The impact on the SNP’s electability is something else we will soon see. Yousaf starts his term as the least popular First Minister ever. On his first day. His approval ratings might climb from there, but if you were to put money on them either rising or falling, which one would it be? How low an approval rating can you get to and still stand to lead the country again?
Of course we will soon get a test case. For a whole host of reasons I’m unconvinced there is any candidate who could have prevented SNP losses at the upcoming General Election. It is going to be hard to prevent it being framed as ‘the election to turf the Tories out of Downing Street’ and, along with the Scottish Government’s travails, would suggest there will be losses.
But Yousaf may be sitting at -30 per cent approval by then and the government mess is going to get worse and worse. I do not think it unlikely that he could shed 15 seats. It isn’t a good look for your first election.
(All I can say is that the spineless MPs all ‘did their duty’ and endorsed Humza – usual honourable exceptions – so he is their boy. That means they own their approaching unemployment. No-one will shed tears for them. A nine per cent swing in votes finishes Stephen Flynn’s short reign. Again, that is the choice he made.)
In 2007 the Scottish Labour Party decided that its fundamental problem was absolutely everyone but itself – and now the SNP has just done exactly the same
This is the overwhelming problem for the cause of independence – under Yousaf the cause simply doesn’t look credible. It is going to be very, very difficult to persuade anyone that independence is an active, viable, achievable reality for any time in the near future.
This result will demoralise the remaining activists keeping what movement there still is going. I’m an activist who never, ever stopped turning up and doing my bit. I don’t know whether that is something I’m willing to do any longer. I know I’m not alone.
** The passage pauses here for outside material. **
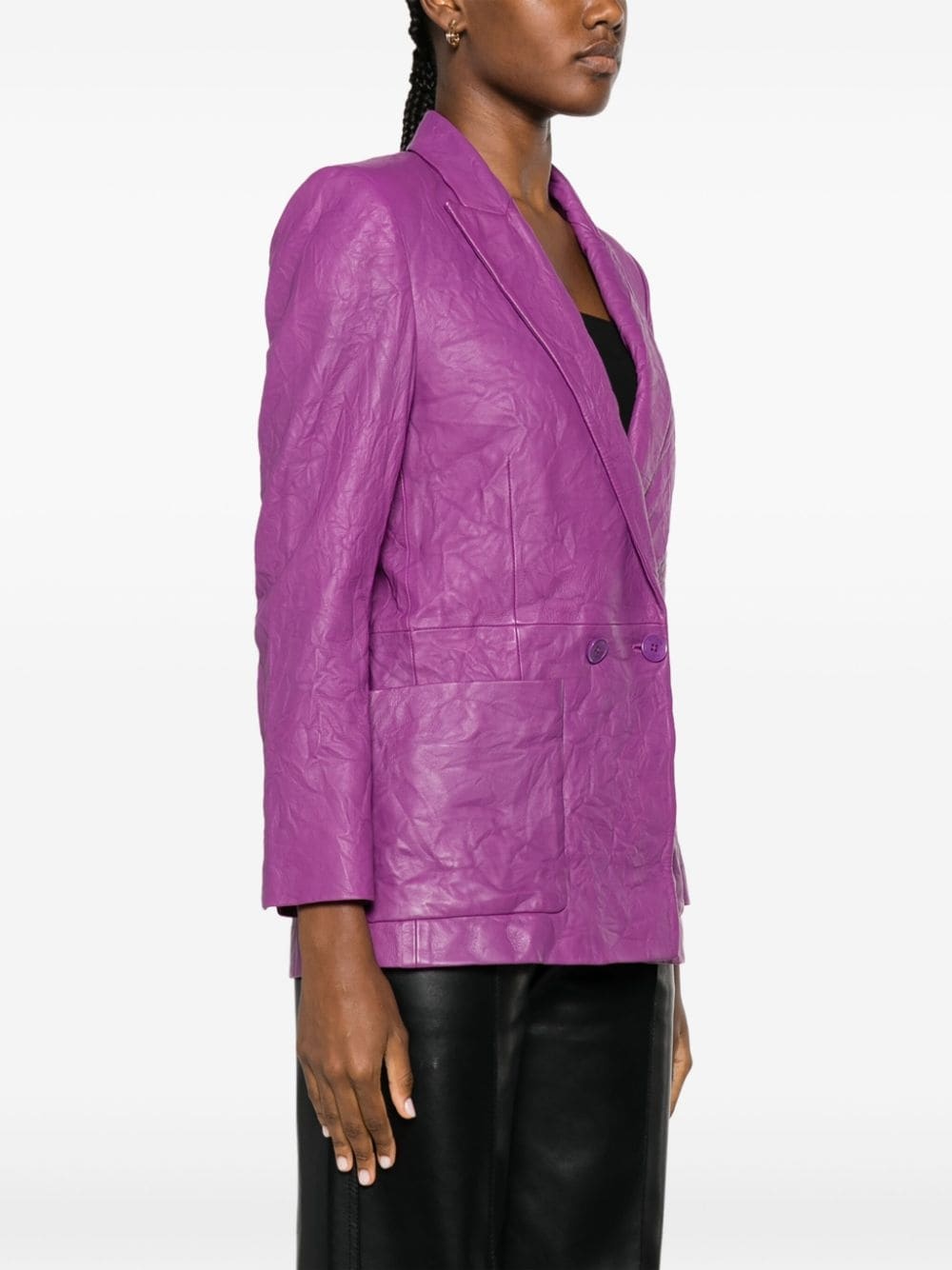 Visco crinkled leather blazer - 3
All of this reflects a single question that all of this throws up. For the last eight years we all knew who was in charge of the SNP. It was run almost wholly by Nicola Sturgeon and her husband Peter Murrell. The assumption from everyone I spoke to when this contest began was that Peter Murrell (and by extension Nicola Sturgeon) would still be running the SNP if Yousaf won.
What I don’t really believe is that anyone who nominated Yousaf as a leadership candidate thought that he would end up making decisions autonomously and on his own. I think it was always assumed that he would be the first among equals in a ‘Machine Team’. But since that assumption was initially made, the Machine itself has shed all its senior figures.
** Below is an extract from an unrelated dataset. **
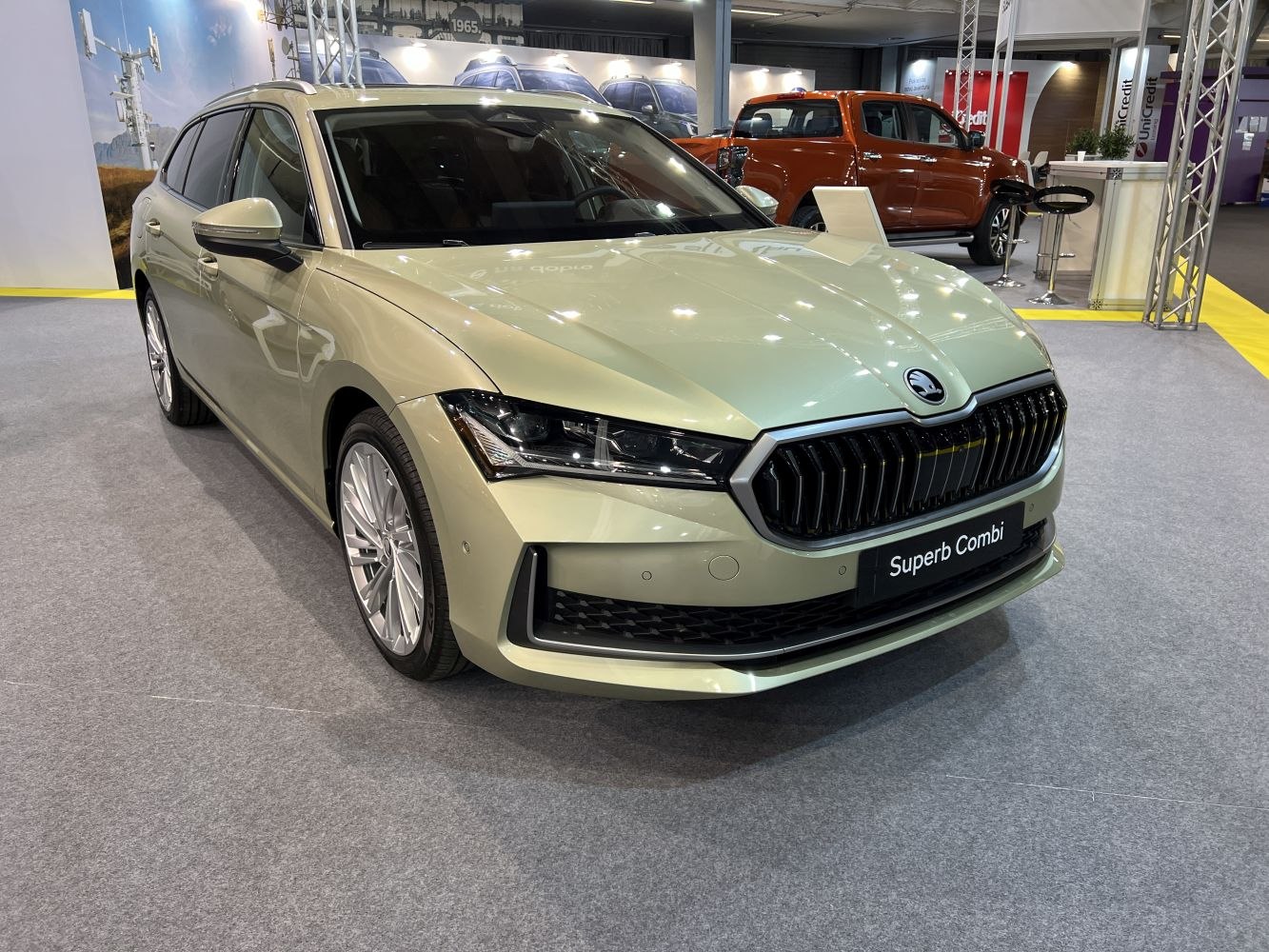 Sleek station wagon front with LED headlights and black grille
That is the biggest question out of all of this – who is actually running the SNP now? Is it really Humza Yousaf? Or if he’s a frontman for a party establishment, who is that establishment any more? This is a big issue. If it is what it looks like to me, Yousaf is the front man of a team of second-rate councillors and third-rate government apparatchiks. That is terrifying.
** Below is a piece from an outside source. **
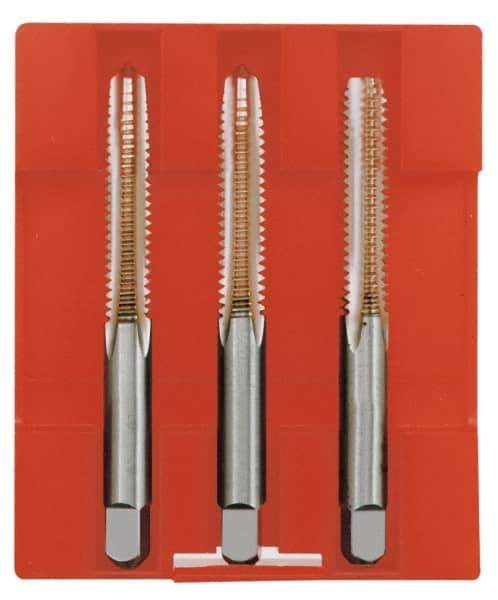 Cleveland - M20x2.50, 4 Flute, Bottoming, Plug & Taper, Bright Finish, High Speed Steel Tap Set - Right Hand Cut, 2" Thread Length, Series 1004 - Caliber Tooling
As best I can tell the SNP just offered a big Fuck You to the independence movement and a big Fuck You to Scottish voters. Right now it is hard to feel that the SNP is anything other than contemptuous.
This attitude was taken once before by a Scottish political party. It was Scottish Labour in 2007 when it lost the Scottish Election. It could have listened to that message, reformed itself and stayed in contention. It decided instead that its fundamental problem was absolutely everyone but itself. The SNP has just done exactly the same.
So as I debate my own future, I simply ask this question – the SNP very, very clearly does not believe it owes us anything. Which raises the question – why on earth does it think we are due it anything?